> Brief: Omit each picture as you copy the entries exactly.

> Entries provided:
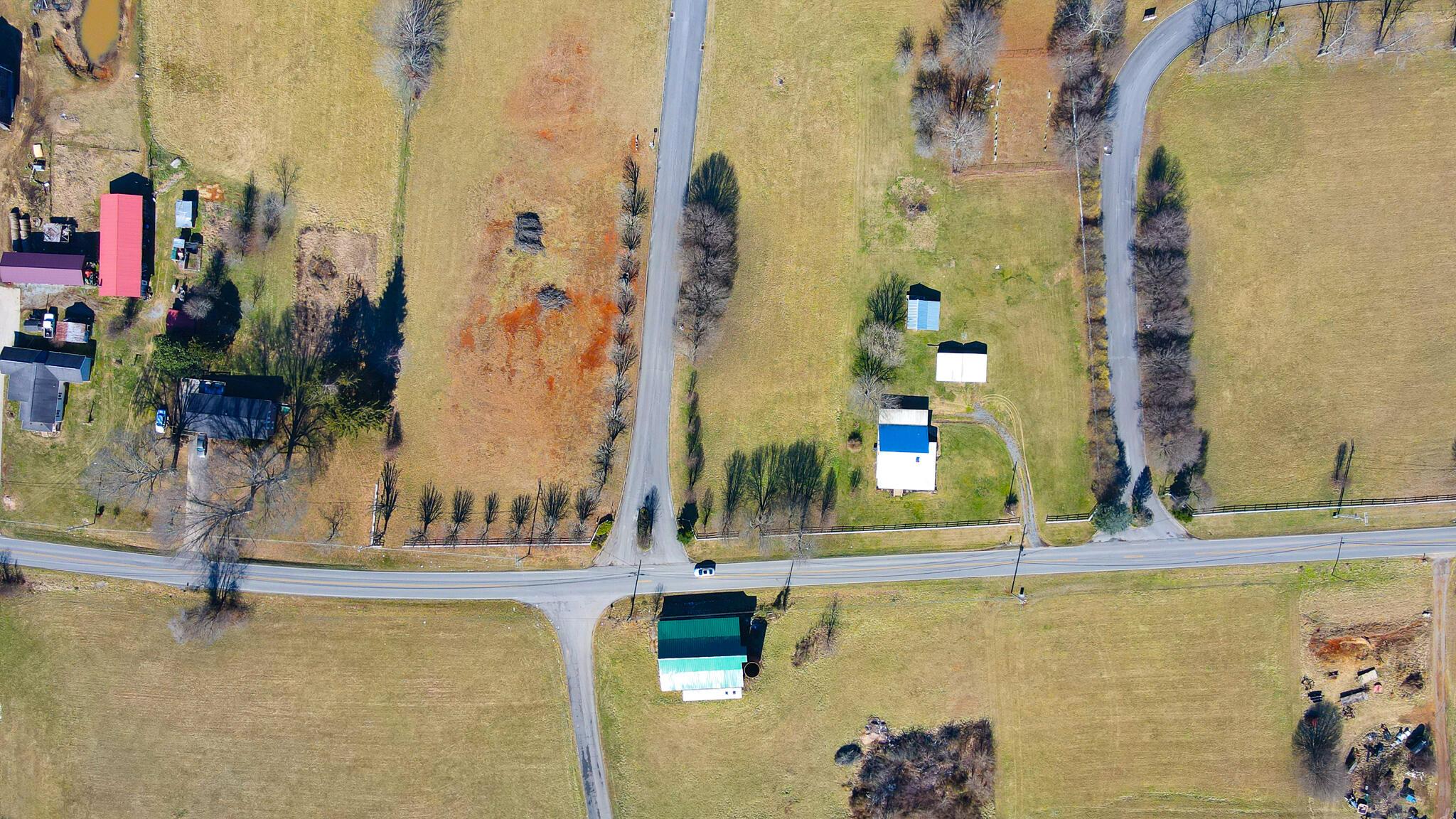 Image 4: 45-49 Birds Eye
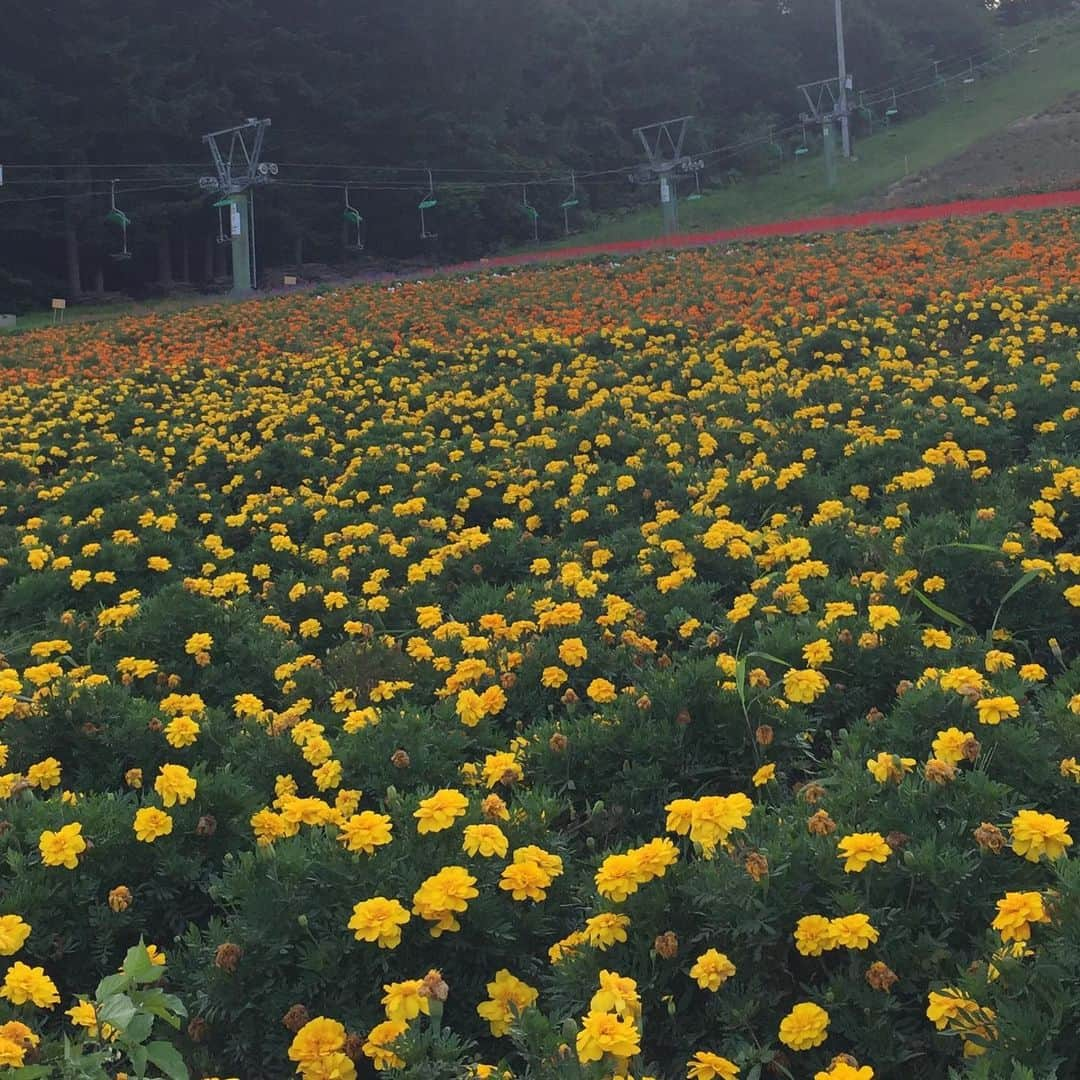 鈴木夏未さんのインスタグラム写真 - (鈴木夏未Instagram)「中富良野にて  ♪♪♪♪♪♪♪♪♪♪♪♪♪♪♪♪♪♪♪♪♪♪♪♪♪♪  強風でリフト中止 ↓ 自力で登る←楽しい♪ ↓ 眺めは良いけど 自力で降りる眺めは リアルな急斜面が怖かった！  ♪♪♪♪♪♪♪♪♪♪♪♪♪♪♪♪♪♪♪♪♪♪♪♪♪♪  #中富良野  #眺め  #北海道  #北海道旅行」8月15日 18時44分 - natyumisuzuki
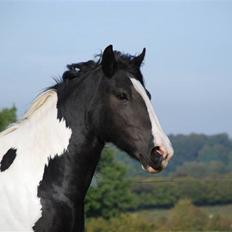 Irish Cob Flicka (Asperas Juniva)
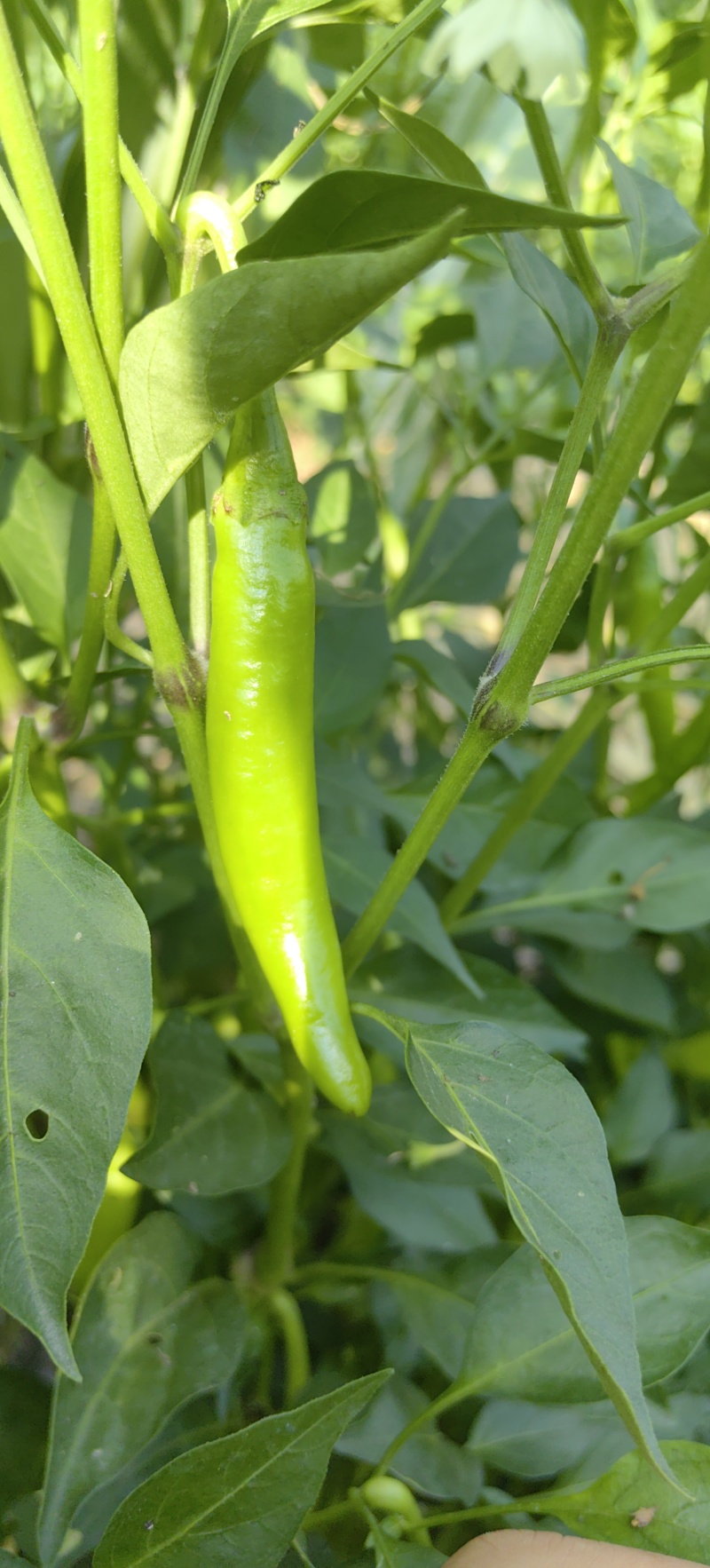山东菏泽小青阳辣椒新鲜辣椒基地直供现货批发可视频看货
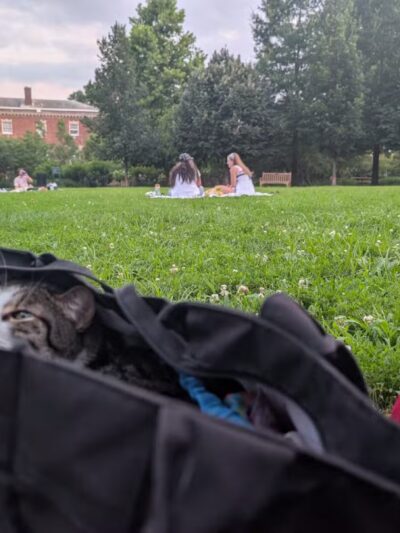 Mitchell Park - Washington,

> Task solution:
 Image 4: 45-49 Birds Eye
 鈴木夏未さんのインスタグラム写真 - (鈴木夏未Instagram)「中富良野にて  ♪♪♪♪♪♪♪♪♪♪♪♪♪♪♪♪♪♪♪♪♪♪♪♪♪♪  強風でリフト中止 ↓ 自力で登る←楽しい♪ ↓ 眺めは良いけど 自力で降りる眺めは リアルな急斜面が怖かった！  ♪♪♪♪♪♪♪♪♪♪♪♪♪♪♪♪♪♪♪♪♪♪♪♪♪♪  #中富良野  #眺め  #北海道  #北海道旅行」8月15日 18時44分 - natyumisuzuki
 Irish Cob Flicka (Asperas Juniva)
山东菏泽小青阳辣椒新鲜辣椒基地直供现货批发可视频看货
 Mitchell Park - Washington,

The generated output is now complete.